Scientific classification
- Kingdom: Animalia
- Phylum: Chordata
- Class: Aves
- Order: Otidiformes
- Family: Otididae
- Genus: Sypheotides Lesson, 1839
- Species: S. indicus
- Binomial name: Sypheotides indicus (Miller, JF, 1782)
- Synonyms: Sypheotis aurita

= Lesser florican =

- Genus: Sypheotides
- Species: indicus
- Authority: (Miller, JF, 1782)
- Conservation status: CR
- Synonyms: Sypheotis aurita
- Parent authority: Lesson, 1839

Species of bird

The lesser florican (Sypheotides indicus), also known as the likh or kharmore, is the smallest in the bustard family and the only member of the genus Sypheotides.
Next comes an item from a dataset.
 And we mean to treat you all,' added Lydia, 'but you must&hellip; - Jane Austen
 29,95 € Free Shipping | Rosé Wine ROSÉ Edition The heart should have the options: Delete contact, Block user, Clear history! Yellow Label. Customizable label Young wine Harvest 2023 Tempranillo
It is endemic to the Indian Subcontinent where it is found in tall grasslands and is best known for the leaping breeding displays made by the males during the monsoon season. The male has a contrasting black and white breeding plumage and distinctive elongated head feathers that extend behind the neck. These bustards are found mainly in northwestern and central India during the summer but are found more widely distributed across India in winter. The species is highly endangered and has been extirpated in some parts of its range such as Pakistan. It is threatened both by hunting and habitat degradation. The only similar species is the Bengal florican (Houbarobsis bengalensis) which is larger and lacks the white throat, collar and elongated plumes.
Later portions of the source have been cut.